May 2023
Jenny Holzer Holds First Solo Exhibition in Germany in 10 Years at Kunstsammlung Nordrhein-Westfalen in Düsseldorf
The American contemporary artist Jenny Holzer is the subject of a monumental solo exhibition, titled JENNY HOLZER, at Kunstsammlung Nordrhein-Westfalen, Düsseldorf, Germany. Marking the artist’s first solo exhibition in Germany in a decade, the presentation invites visitors to dive in to Holzer’s oeuvre that explores ideas about war, violence, abuse of power, idealism, and absurdism by using diverse materials including LED, poster, painting, and sculpture.
The exhibition spans K21’s Bel Etage and temporary exhibition galleries, as well as different public areas, introducing 20 works from the Redaction Painting series (created since 2005), 26 marble footstools, LEDs, and posters.
The first space of the exhibition—Bel Etage—presents works from Holzer’s Redaction Painting series. In the series, which translates government documents released by the Freedom of Information Act into paintings using oil on linen, the US state and military papers—already declassified but often heavily redacted—are turned into giant abstractions, with the black blocks of redactions rendered in palladium, gold, and platinum leaf. These paintings are shown alongside the artist’s Lustmord series, which criticizes the practice of war. The highlight of this series is the new LED work titled UKRAINE (2023), which presents the artist’s response to the current Russia-Ukraine war. The work incorporates excerpts from texts including the United Nations reports on war crimes and human-rights abuses in Ukraine, as well as the firsthand testimony of Ukrainian artists and writers.

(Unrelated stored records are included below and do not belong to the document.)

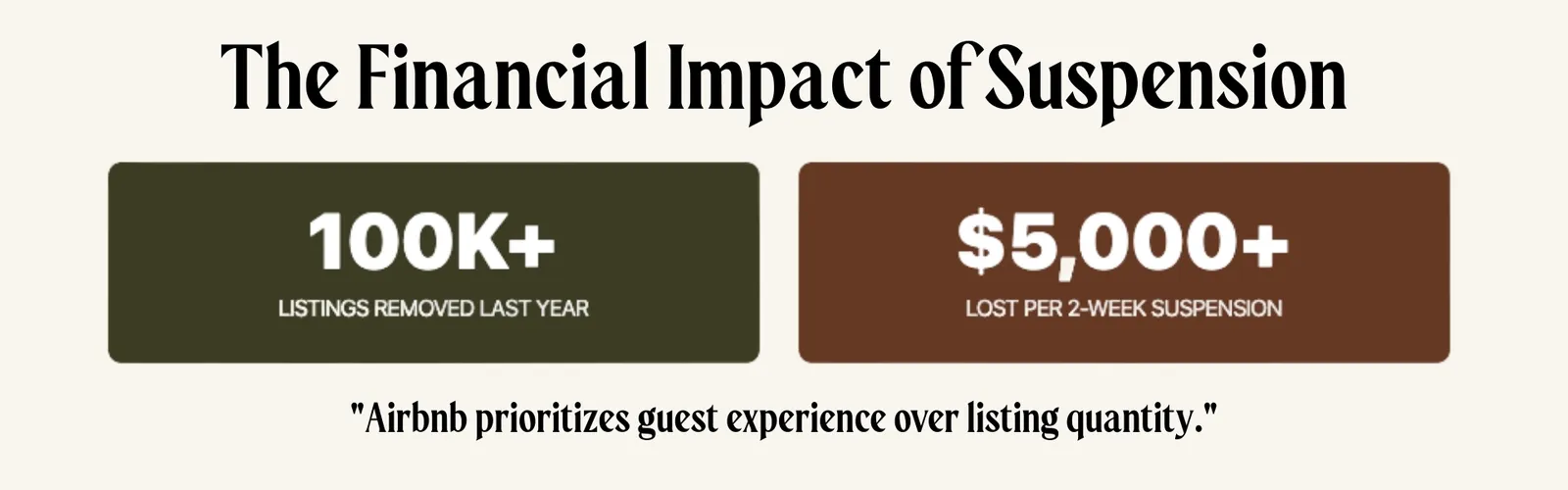 The financial impact of airbnb listing suspensions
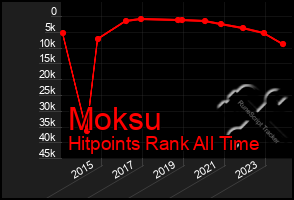 Total Graph of Moksu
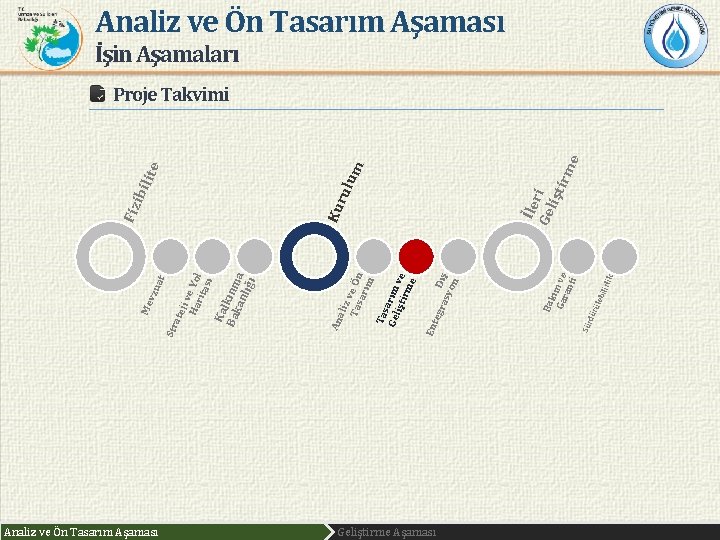 Analiz ve Ön Tasarım Aşaması Geliştirme Aşaması ebi rül dü Sür k lirl i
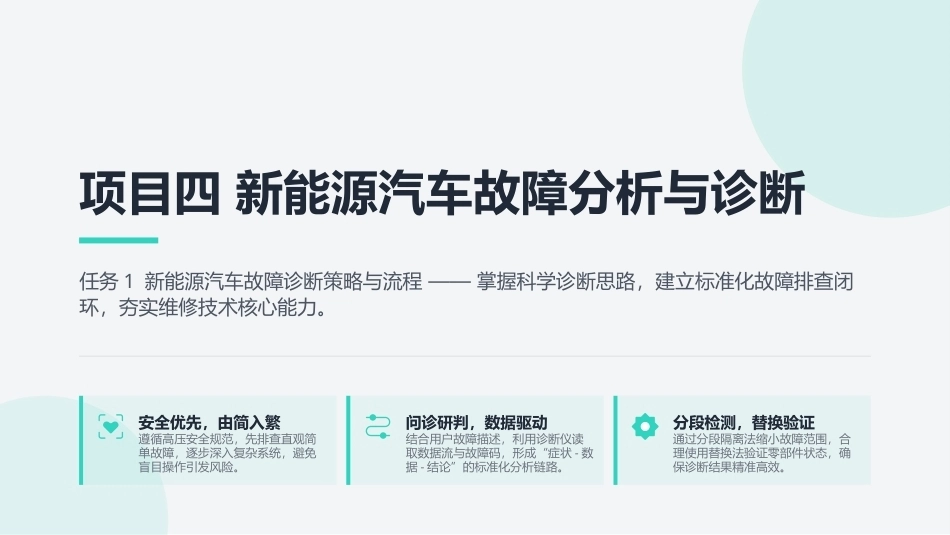 新能源汽车维护与故障诊断：项目4新能源汽车故障分析与诊断PPT教学课件.pptx_第1页
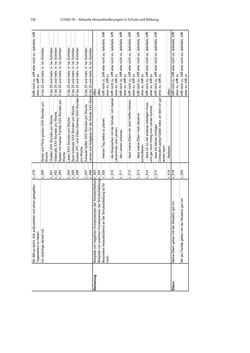 Bild der Seite - 130 - in COVID-19 und aktuelle Herausforderungen in Schule und Bildung - Erste Befunde des Schul-Barometers in Deutschland, Österreich und der Schweiz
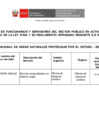 Vista preliminar de documento rv FORMATO DE LISTA DE FUNCIONARIOS Y SERVIDORES DEL SECTOR PÚBLICO EN ACTIVIDAD COMPRENDIDOS EN EL AMBITO DE LA LEY 31564 Y SU REGLAMENTO APROBADO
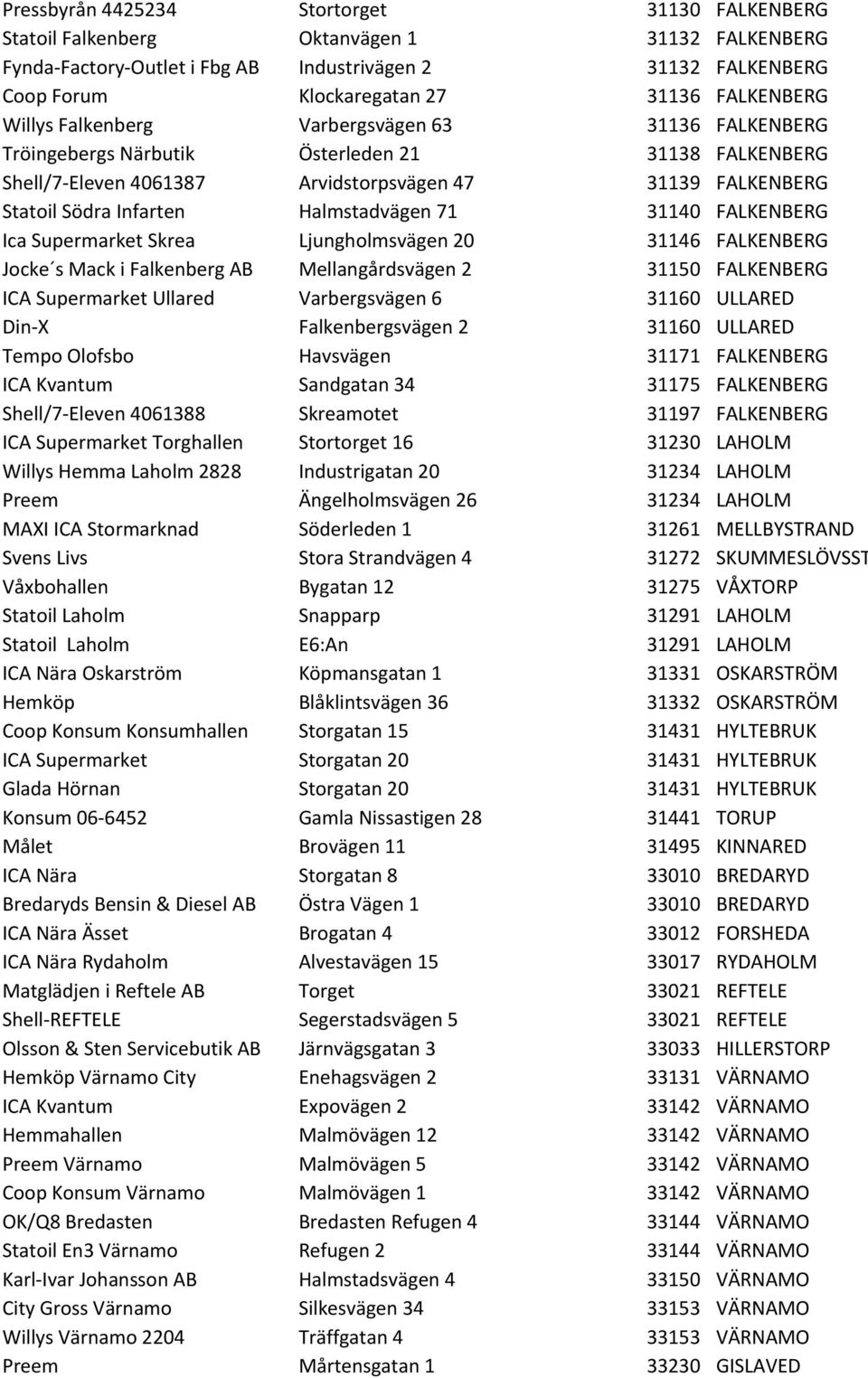 Halmstadvägen 71 31140 FALKENBERG Ica Supermarket Skrea Ljungholmsvägen 20 31146 FALKENBERG Jocke s Mack i Falkenberg AB Mellangårdsvägen 2 31150 FALKENBERG ICA Supermarket Ullared Varbergsvägen 6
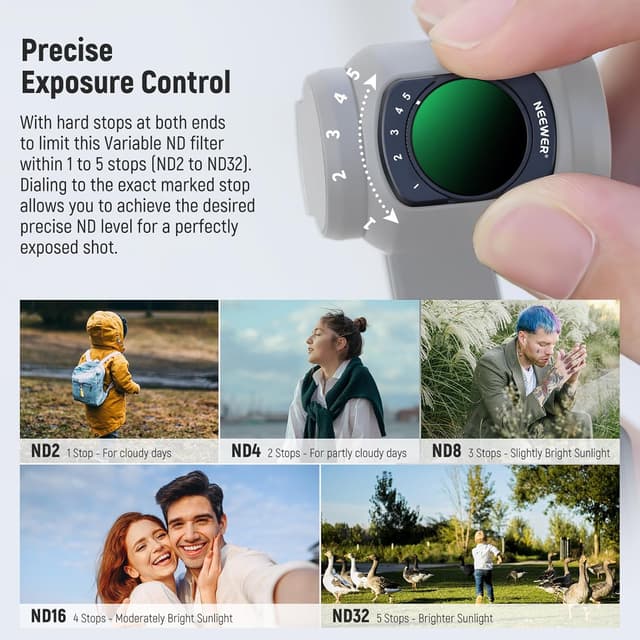 Detalle de NEEWER variable ND filter ND2-32 for Pocket 3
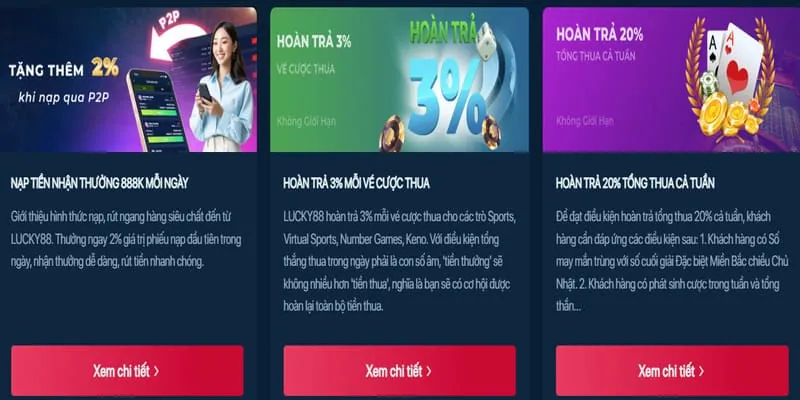 Khuyến mãi và đăng ký k888 nhà cái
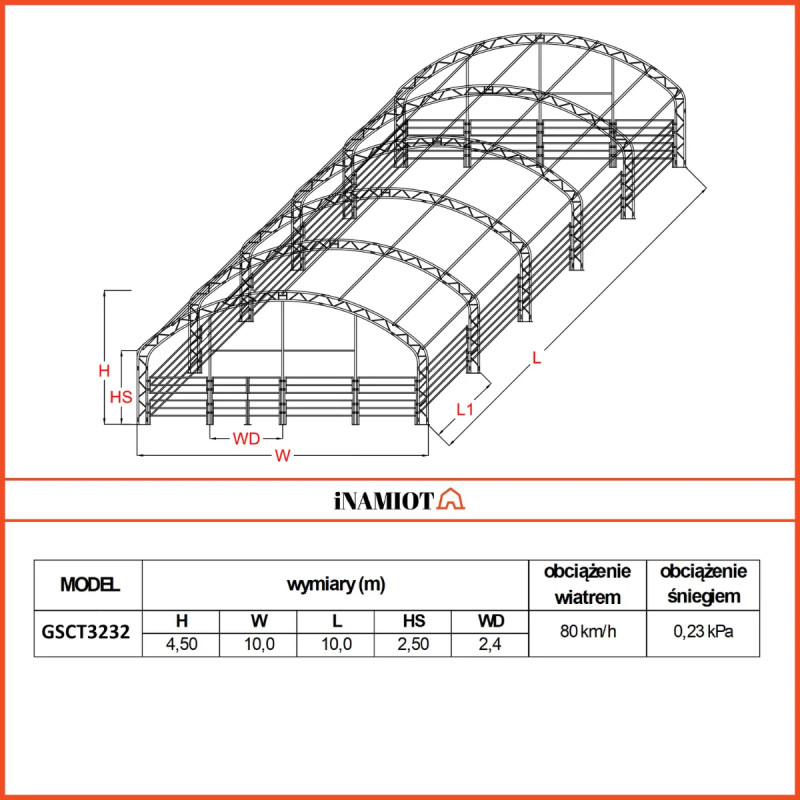 Abris de prairie pour 10x10 m GSCT3232 Premium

In the temporary exhibition galleries, visitors can immerse themselves in works created with new techniques and formats, that reinterpret Holzer’s works from the past. Works from Truisms (1977-1979), written in English and German, along with posters from the Inflammatory Essays (1977-82) series, are recreated in the form of a site-specific mural in collaboration with the famous graffiti artist Lady Pink. Meanwhile, the Survival circle—deemed the highlight of the show—grasps the attention of viewers with its monumental scale consisting of 17 Indian red granite benches that were first presented at Holzer’s 1989 solo exhibition at the Guggenheim Museum in New York.
Meanwhile, Holzer also presents her texts in public in collaboration with Ströer—one of the sponsors for this solo exhibition—in the form of billboards installed in Düsseldorf’s major highways, subway stations, and the arrival hall in the airport throughout the exhibition period.